Nonviolent Palestinian activists are facing a new wave of repression, demonstrating again that the Israeli authorities fear effective nonviolent action.
Israeli officials themselves know ‘we don’t do Gandhi very well’, as the then director of policy and political-military affairs at the Israel ministry of defence, major general (reserves) Amos Gilad, said in February 2010. Gilad, who retired in February after 14 years in that critical post, was talking to US officials about the treatment of nonviolent Palestinian protests in the West Bank. Their memo was released by Wikileaks in 2011.
On 20 March, longtime Palestinian activist Omar Barghouti, one of the founders of the Boycott, Divestment and Sanctions (BDS) movement against Israel, was arrested on suspicion of tax evasion, and had his passport confiscated. This was just weeks before he was due to travel to the US to receive the Gandhi Peace Award at Yale University on 23 April.
The Palestinian BDS national committee said the Israeli government was ‘fabricating a case’ against Barghouti as part of its ‘systematic efforts to criminalise the BDS movement, intimidate activists and stop free speech’.
Give us Issa
Last November, the Israeli government charged nonviolent Palestinian activist Issa Amro, founder of Youth Against Settlements, with 18 offences from the previous six years. Issa, who has been called ‘the Palestinian Gandhi’, has been charged, among other things, with organising an ‘illegal demonstration’ in August 2010, insulting a soldier in March 2013 and entering a ‘closed military zone’ (a deserted private Palestinian house) in February 2016.

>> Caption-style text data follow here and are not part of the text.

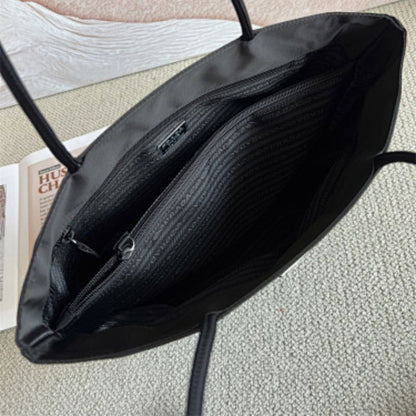 Prada Re-Nylon Medium Tote Bag.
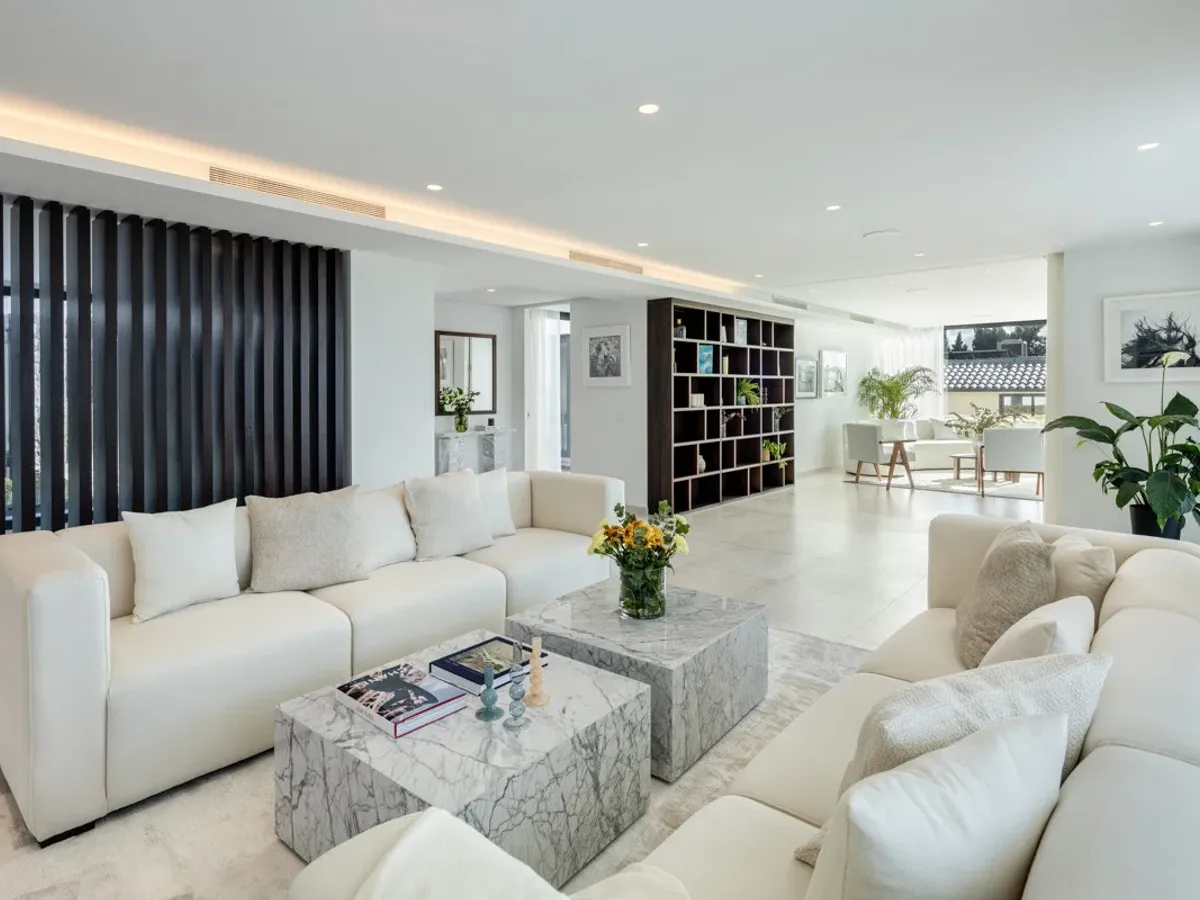 Luxury Modern Villa for Sale in Nueva Andalucía, Marbella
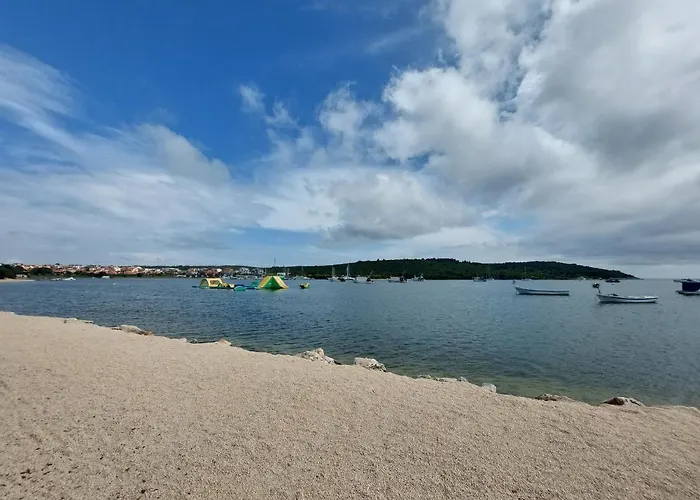 Apartman Bora Seaview Medulin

Amnesty International’s deputy regional director for the Middle East and North Africa, Magdalena Mughrabi, responded: ‘The deluge of charges against Issa Amro does not stand up to any scrutiny. In their determination to silence him and stifle his human rights work, the Israeli authorities have apparently even reopened a closed case file.’
Amnesty said that if he is convicted, ‘we will consider Issa Amro a prisoner of conscience.’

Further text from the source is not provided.